- EXERCISE:
Transcribe the entries below exactly from their first line through the line containing "for a Fruitful", and let no picture into the copy.
________________________________________
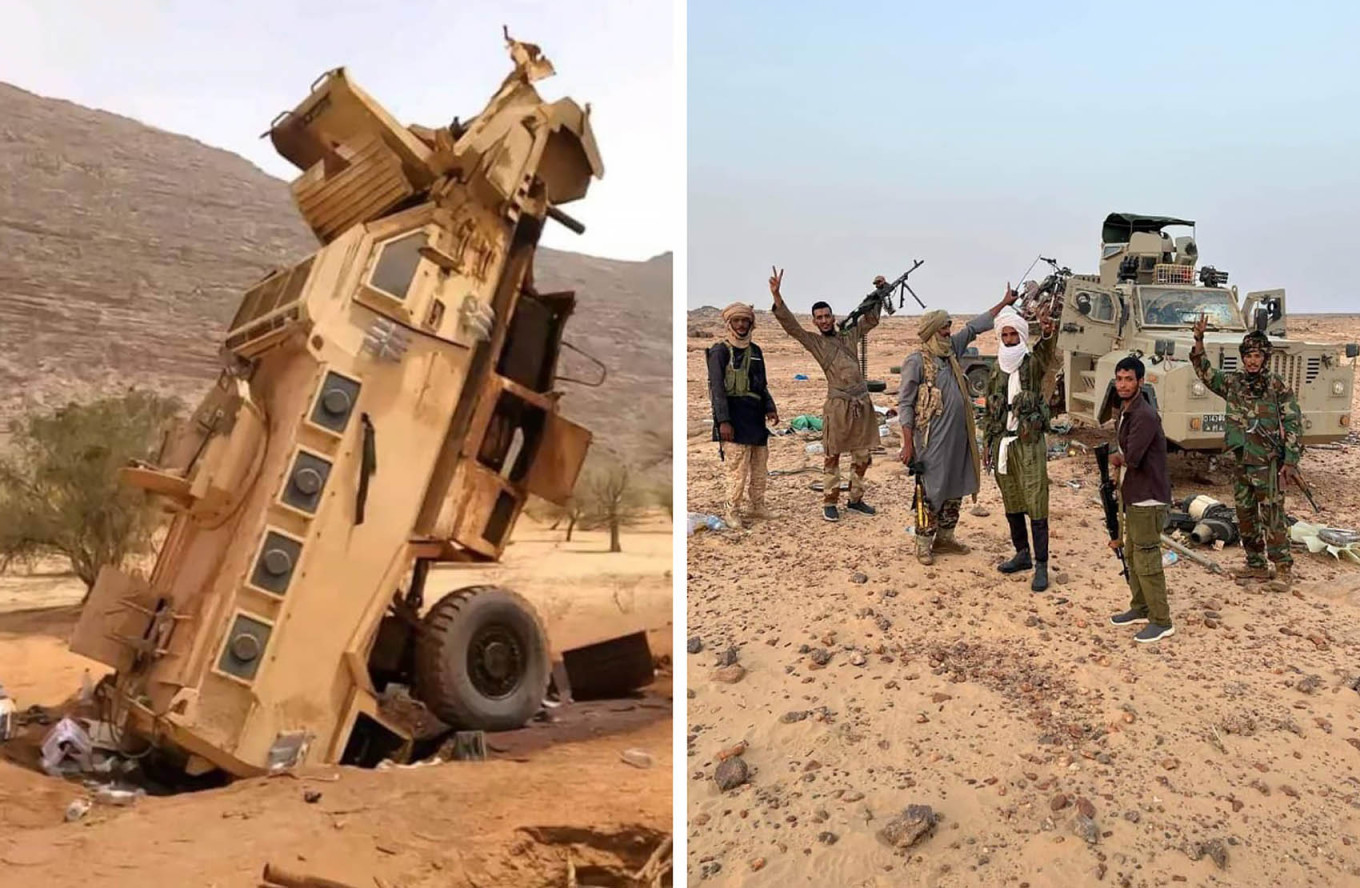 Grupi paramilitar rus pëson humbje të mëdha në Sahel të Afrikës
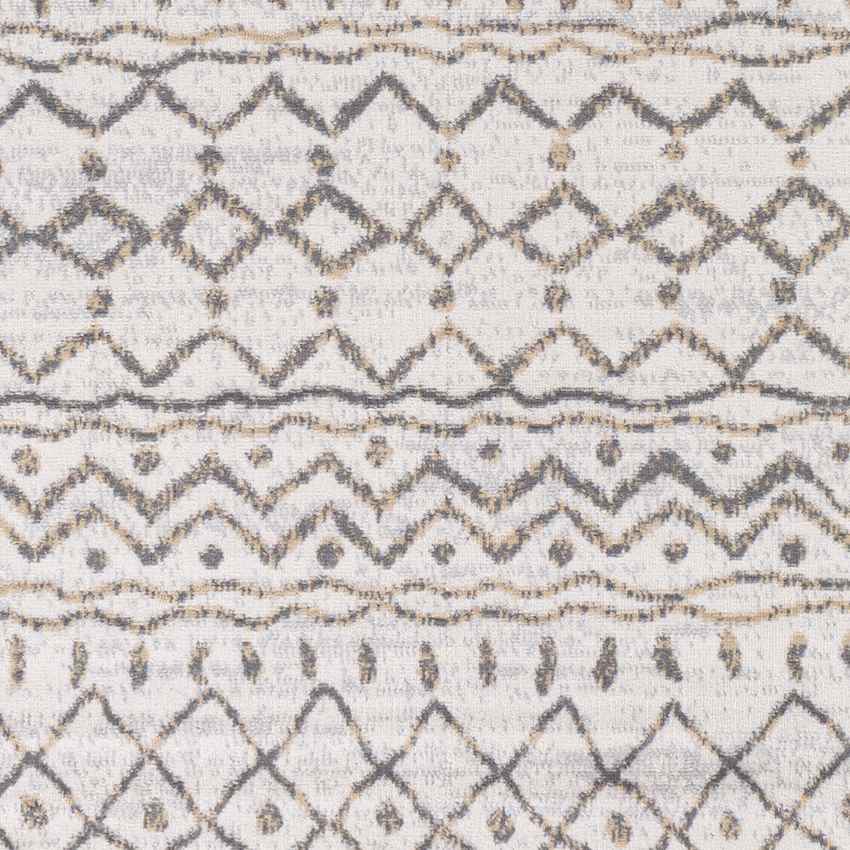 Berghem Global Light Gray Area Rug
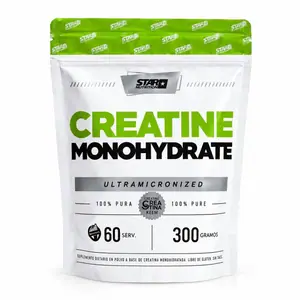 Creatina Star doypack 300g en Nutra Suplementos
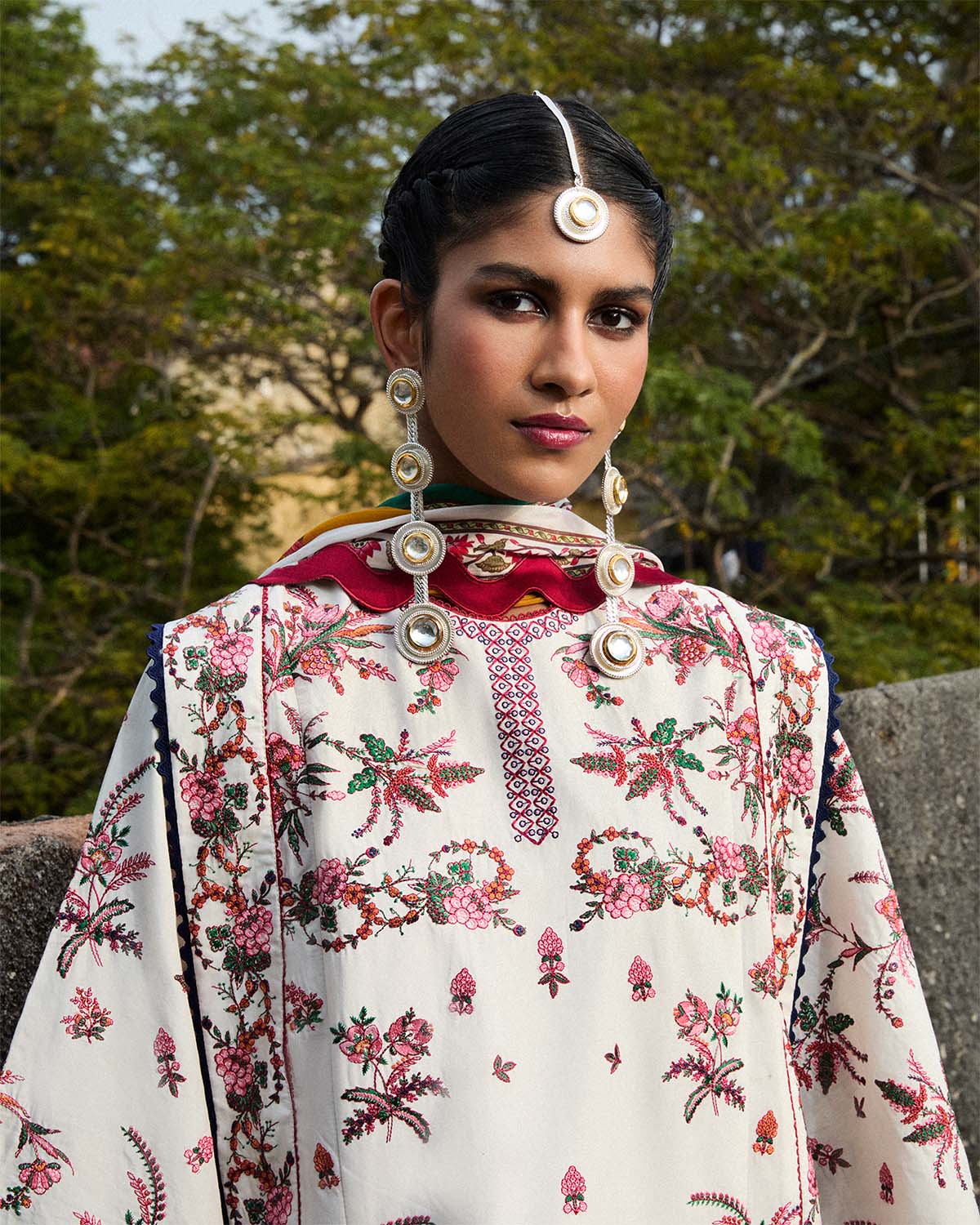 Jugnu SS Luxury Unstitched Lawn 2025 |Tibet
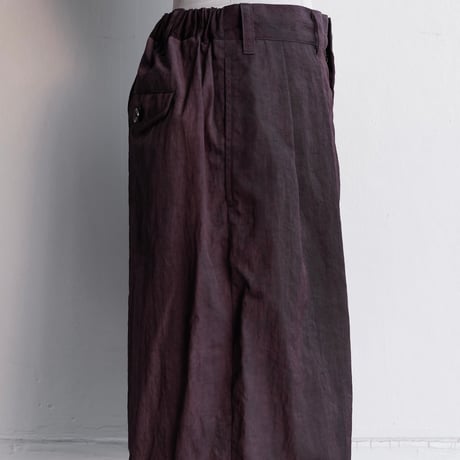 flow dye nylon shorts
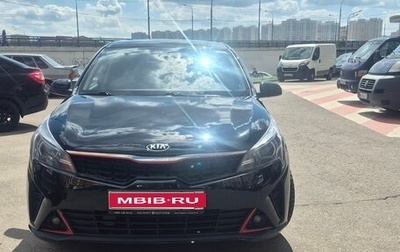 KIA Rio IV, 2021 год, 1 340 000 рублей, 1 фотография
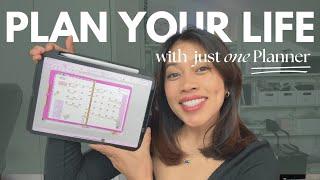 How My Digital Planner Can Organize Your Entire Life – Even If You've Never Stuck to a Planner!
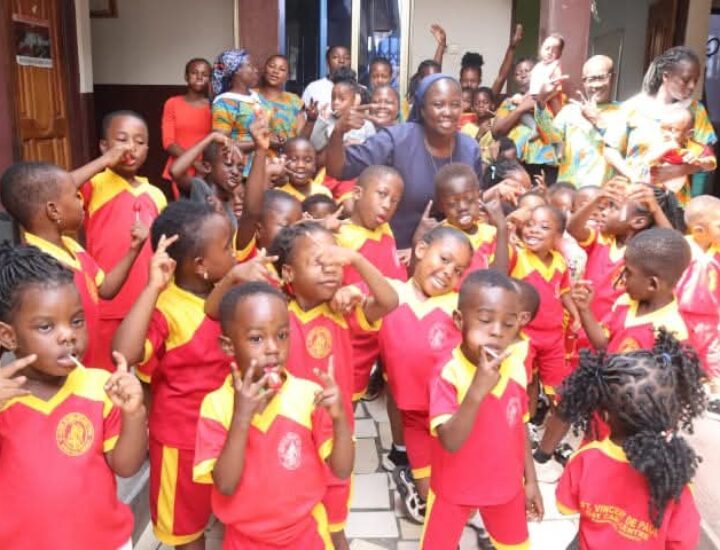 “Prayers for a Fruitful Year: St. Vincent de Paul Day Care Celebrates”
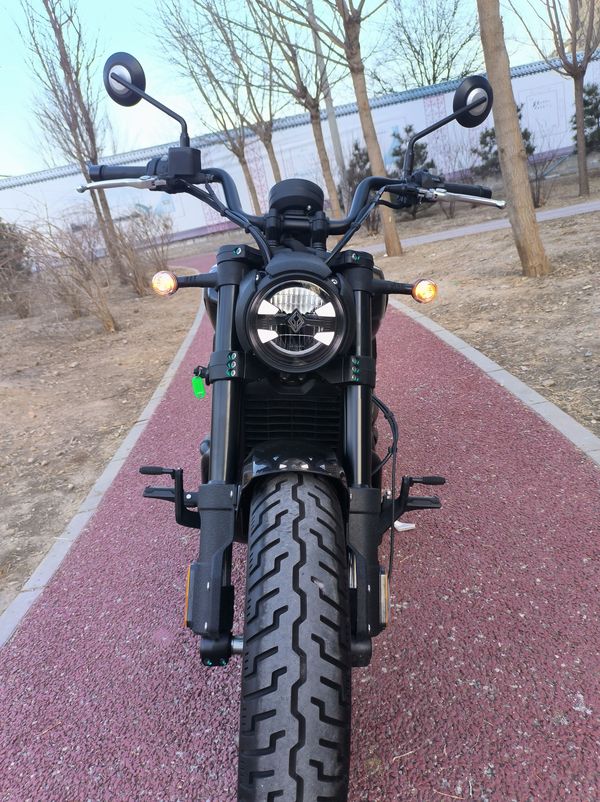 二手奔达黑旗500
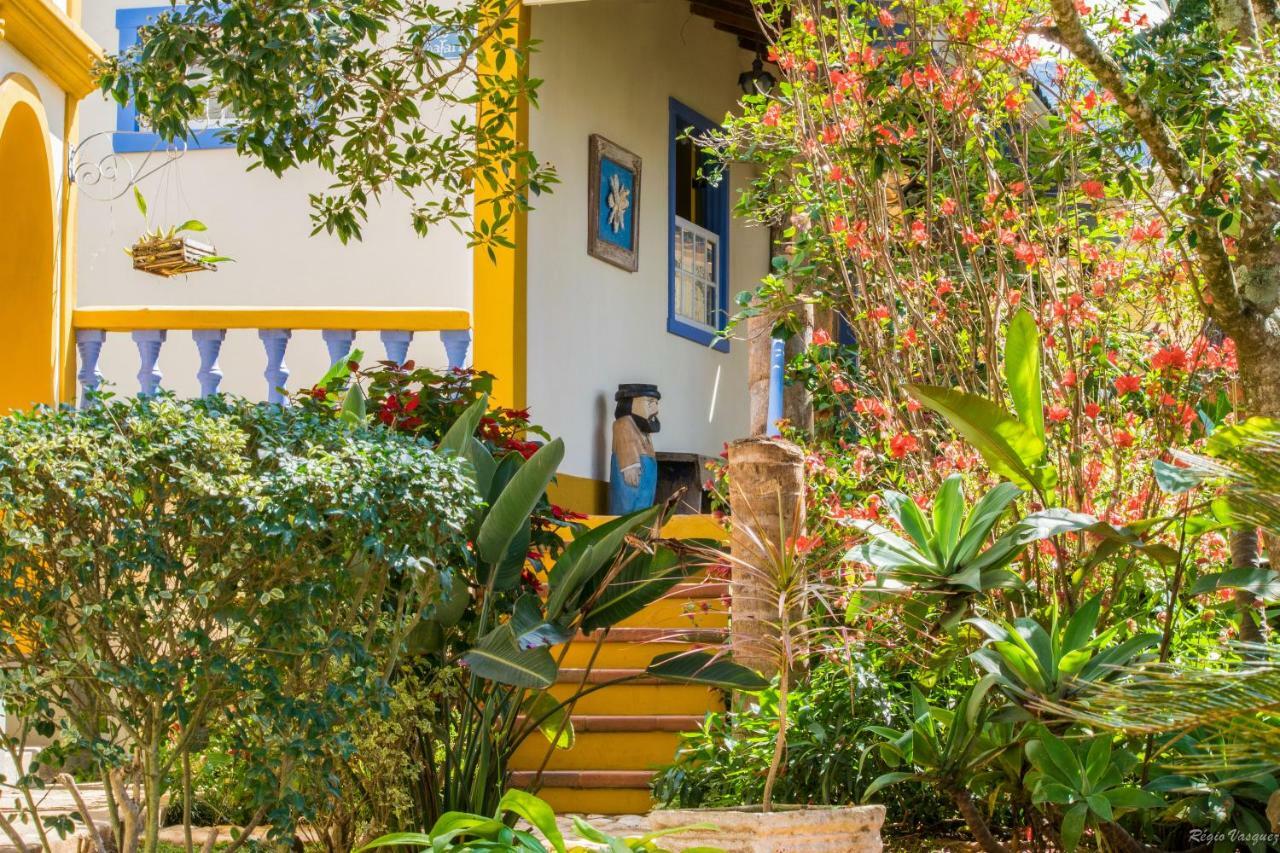 Arraial Velho Pousada Tematica Тирадентис Экстерьер фото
________________________________________
- OUTPUT OF THE EXERCISE:
 Grupi paramilitar rus pëson humbje të mëdha në Sahel të Afrikës
 Berghem Global Light Gray Area Rug
 Creatina Star doypack 300g en Nutra Suplementos
 Jugnu SS Luxury Unstitched Lawn 2025 |Tibet
 flow dye nylon shorts
 KIA Rio IV, 2021 год, 1 340 000 рублей, 1 фотография
 How My Digital Planner Can Organize Your Entire Life – Even If You've Never Stuck to a Planner!
 “Prayers for a Fruitful Year: St. Vincent de Paul Day Care Celebrates”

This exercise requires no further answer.